The pandemic is complicating plans to mark Ash Wednesday, which will start the Lenten season on Wednesday, February 17.
The solemn day — officially known as the Day of Ashes — is a day of repentance, when Christians around the world confess their sins and profess their devotion to God. Most commonly associated with the Catholic Church, Ash Wednesday is also practiced by many protestant denominations including Lutherans, Methodists, Presbyterians, Episcopalians and even some Baptist churches – though in slightly different ways.
Clergy often smear ashes, usually those left after burning palm fronds from the previous year’s Palm Sunday celebrations, onto congregants’ foreheads, often in the shape of a cross. The ceremony is meant to show that a person belongs to Jesus Christ, and it also represents a person’s grief and mourning for their sins — the same sins that Jesus Christ gave his life for when he died on the cross.
The practice is getting a covid make-over this year. Health officials contend this practice presents a problem in efforts to fight COVID-19. They have advised people to avoid touching their faces or coming in close proximity to others. Some churches haven’t met since the pandemic first upended life during the last Lenten season
An ecumenical group of clergy, theologians, liturgical scholars and public health experts recently released guidelines for safely observing Ash Wednesday, recommending no indoor meetings, and lots of hand sanitizer.
“The pandemic has to be paid attention to,” said the Rev. Taylor W. Burton Edwards, pastor of Faith Evangelical Lutheran Church, an Evangelical Lutheran Church in America congregation in Warner Robins, Ga.

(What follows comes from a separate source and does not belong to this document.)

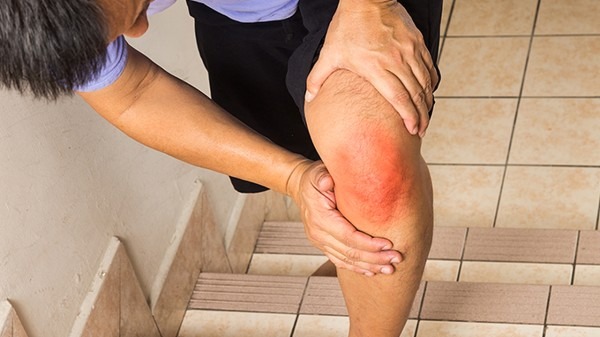 蹲下去膝盖会痛是怎么回事？可能是膝关节炎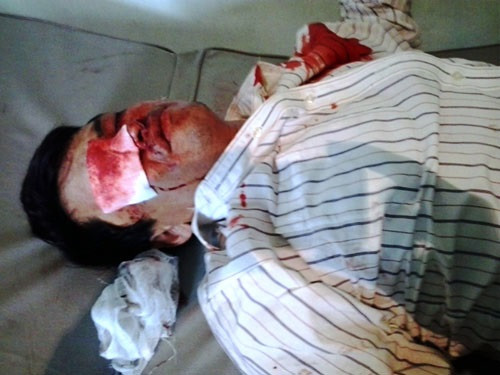 Một người dân bị thương khi làm việc với công an.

Drive-through ashes have been gaining popularity in recent years for busy Christians unable to attend weekday Ash Wednesday services. The Rev. Stacy Gahlman-Schroeder of Norway Grove Memorial Lutheran Church in DeForest, Wis., plans to stand in the church parking lot throughout the day, dipping disposable Q-tips into the ashes rather than her finger, or offering a blessing, if it’s preferred. As cold as that sounds, Gahlman-Schroeder is looking forward to it. “I’m selfish on this,” she said. “I really do want to see the faces again. It’s been a long year.”
Other recommendations from the Ecumenical Consultation on Protocols for Worship, Fellowship and Sacraments include distributing ashes to congregants for their personal use. Scripture, the document points out, describes people sprinkling themselves with ashes.
Ash Wednesday always occurs six and a half weeks before Easter. Because it is dependent on Easter, Ash Wednesday falls on a different day each year. The earliest it can occur is Feb. 4 and the latest is March 10. In 2020 it fell on Feb. 26. Because Easter will be celebrated on Sunday, April 4, this year, Ash Wednesday is on Feb. 17.
One pastor told Religion News Service that “Part of being a follower of Jesus is we can’t do it on our own, and it’s always about being part of a community. To be a community to go through this together has just been really difficult.”